**Material shown:**
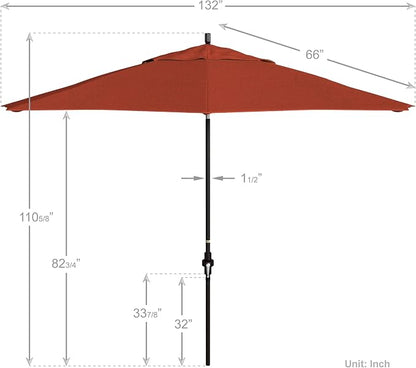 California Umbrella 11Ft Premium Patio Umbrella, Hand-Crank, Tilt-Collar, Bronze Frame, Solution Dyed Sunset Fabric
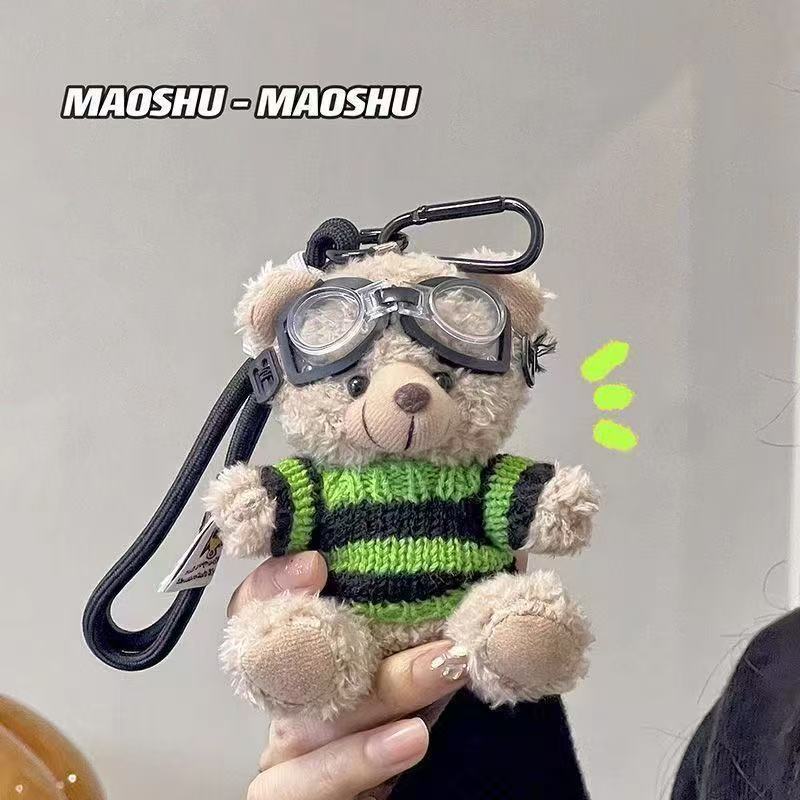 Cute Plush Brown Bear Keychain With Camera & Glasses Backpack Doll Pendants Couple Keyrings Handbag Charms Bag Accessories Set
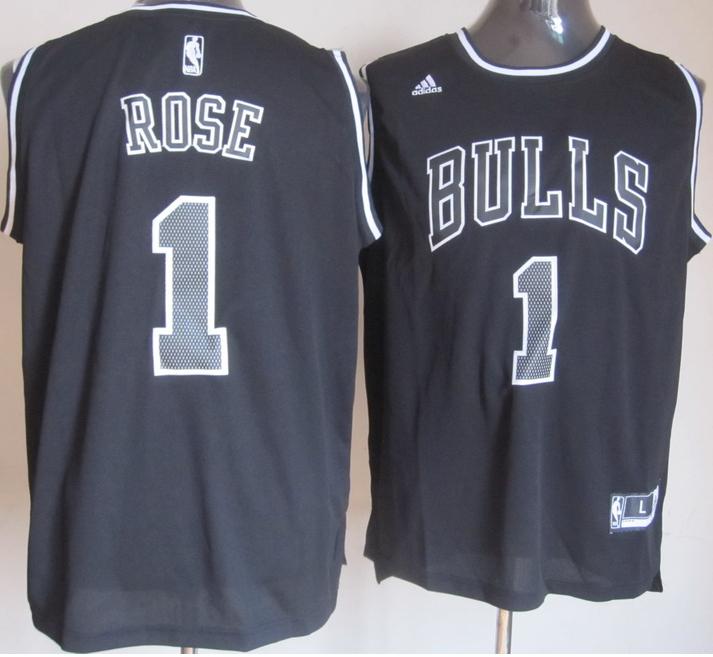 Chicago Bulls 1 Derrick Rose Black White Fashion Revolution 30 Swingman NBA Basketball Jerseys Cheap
* * *
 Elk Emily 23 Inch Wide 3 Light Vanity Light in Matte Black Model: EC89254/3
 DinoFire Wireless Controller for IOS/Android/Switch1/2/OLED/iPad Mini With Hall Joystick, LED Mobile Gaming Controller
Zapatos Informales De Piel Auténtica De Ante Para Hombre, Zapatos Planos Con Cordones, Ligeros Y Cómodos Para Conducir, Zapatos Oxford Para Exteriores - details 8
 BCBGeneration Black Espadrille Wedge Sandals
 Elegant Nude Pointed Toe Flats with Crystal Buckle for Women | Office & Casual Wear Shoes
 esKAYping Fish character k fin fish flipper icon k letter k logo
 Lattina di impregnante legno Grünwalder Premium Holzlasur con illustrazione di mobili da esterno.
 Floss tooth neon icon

**Task objective:** Return each line of the records above in which the word "icon" occurs.

**Your response:**
 esKAYping Fish character k fin fish flipper icon k letter k logo
 Floss tooth neon icon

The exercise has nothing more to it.